Desvendada pela Lava-Jato, a nossa “república dos negócios” funciona como porta
giratória entre o alto empresariado e a fração da elite política encastelada no
governo. No meio do caminho, conectando uns e outros, situam-se os
“operadores”, que são executivos, administradores públicos, quadros partidários
ou doleiros. A nova prisão de José Dirceu, seguida pelas prisões de Marcelo
Odebrecht, Delcídio Amaral e André Esteves, atesta que a “rebelião” já avança
além da camada dos intermediários, rumo ao núcleo do sistema oligárquico.
Na sua face
crua, rústica, a “república dos negócios” propicia contratos bilionários das
estatais, principalmente a Petrobras, com o cartel das empreiteiras, que são
fontes inesgotáveis de recursos para máfias políticas e generosas propinas para
os “operadores”. Mas, no alicerce disso, como agora se sabe, encontra-se uma
sofisticada articulação financeira que abrange o BNDES, um banco estatal
irrigado por emissões de dívida do Tesouro, e os fundos de pensão, instituições
semiprivadas capazes de mobilizar vastas reservas de capital. A deriva
oligárquica do Brasil foi movida por um comando central, governamental e
partidário, que aperta os botões dessa complexa engrenagem.
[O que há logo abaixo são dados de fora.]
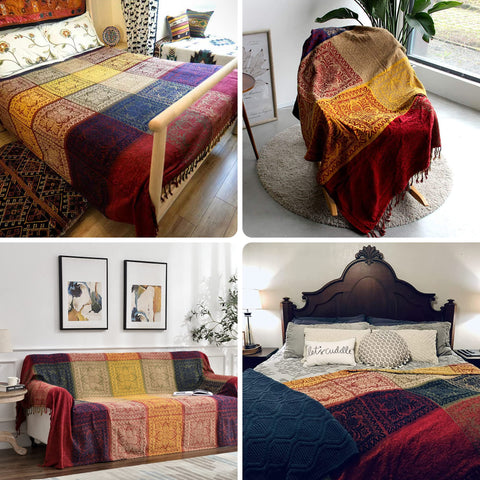 Edcooy Boho Throw Blanket on sofa; versatile warmth for movie nights.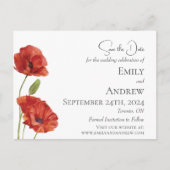 Red Poppy Blume Minimalistische Wasserfarbenhochze Einladungspostkarte (Vorderseite)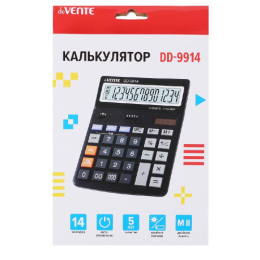 Калькулятор Devente DD-9914 14 разрядов, 154х203х25мм, черный 4031335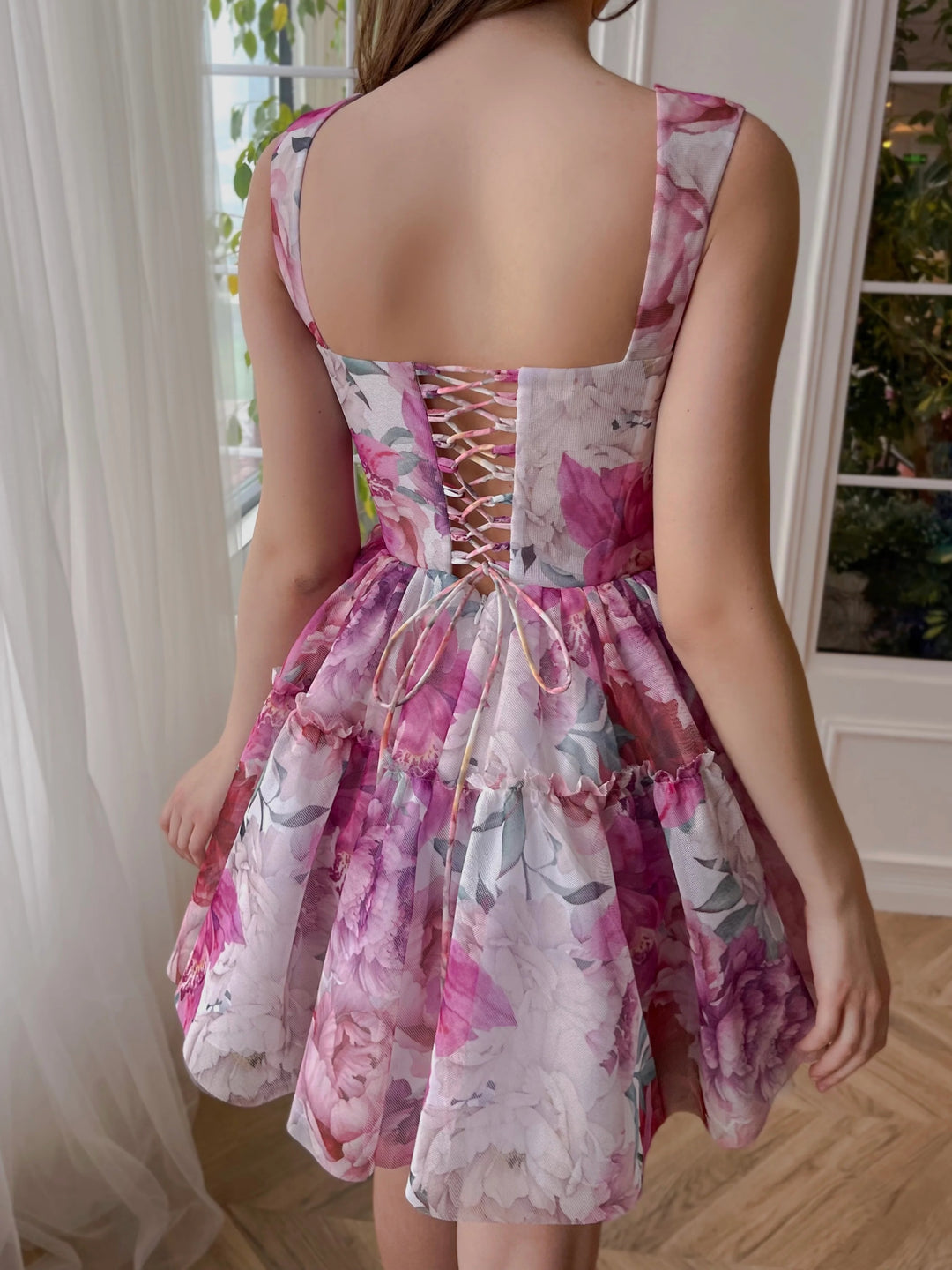 A-Line/Princess Square Neck Printed Tulle Sleeveless Mini Prom Dress with Ruffled Hem BabaMila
A “rebelião” fracassará
se, no fim, não dizimar a casa de máquinas.
Dias atrás,
na “Folha de S. Paulo”, o presidente do BNDES, Luciano Coutinho, assinou um
texto de contestação de reportagem sobre os critérios adotados pelo banco
estatal na concessão de financiamento subsidiado a uma empresa de José Carlos
Bumlai, o “amigo do peito” de Lula. Numa eclosão de cinismo, Coutinho
argumentou que a análise de crédito e risco correu por conta do Banco do Brasil
e do BTG Pactual, os agentes repassadores. O BB obedece à mesma casa de máquinas
do BNDES e também tem seu lastro último na dívida pública. Menos óbvio — e mais
esclarecedor — é o papel desempenhado pelo BTG, um banco privado de
investimento, na teia do capitalismo de Estado tupiniquim.
“O BNDES é
uma qualidade e uma conquista brasileira”, proclamou André Esteves no início de
2013, numa entrevista em que derramou elogios sobre Eike Batista e suas
empresas. Na ocasião, o banqueiro enxergou “o governo indo numa direção muito
boa”, definiu a vocação de seu banco de servir como “o óleo da engrenagem da
economia brasileira” e traçou um paralelo elucidativo. O BTG, explicou, é “um
BNDES privado e eficiente”. De fato, tal como o banco estatal, e muitas vezes
em parceria com ele, o banco de Esteves financiou negócios de Bumlai, associou-se
à Petrobras na aventura da Sete Brasil e adquiriu da mesma Petrobras, a preço
de banana, campos de petróleo na África. O banqueiro “privado” atravessou
inúmeras vezes a porta giratória do intercâmbio de favores da nossa “república
de compadres”. Nesses trajetos, acumulou fortunas e escreveu capítulos ainda
ocultos na história da santa aliança de Lula com o alto empresariado.
A “república
de quadrilhas” experimenta múltiplas falências. Sob os efeitos de um colapso
fiscal e político, o governo tornou-se incapaz de sustentar os fluxos vitais de
subsídios destinados às empresas da santa aliança. Sob o fardo de uma dívida
colossal, a Petrobras verga diante do abismo e tenta vender patrimônios na
bacia das almas. Sob os golpes judiciais da Lava-Jato, as empreiteiras do
cartel equilibram-se nos umbrais da falência enquanto o BTG sofre uma perigosa
hemorragia de capitais. O experimento lulopetista de engenharia política,
econômica e social vive seus estertores finais. Tudo indica que, na hora
decisiva, e apesar da mesquinhez da oposição parlamentar, a democracia
brasileira conseguiu evitar a estabilização do sistema oligárquico.
A lama no
Rio Doce é uma metáfora apropriada, mas não é a única. “Nos últimos anos, não
vínhamos combatendo o mosquito para vencer e, por isso, estamos perdendo”,
admitiu o ministro da Saúde, Marcelo Castro, referindo-se ao surto de
microcefalia. De fato, “nos últimos anos”, no reino encantado dos negócios
fabulosos, da Copa e das Olimpíadas, o governo tinha outras prioridades — “e,
por isso, estamos perdendo”. A nossa “rebelião” tem alvo certo. Abaixo a
oligarquia!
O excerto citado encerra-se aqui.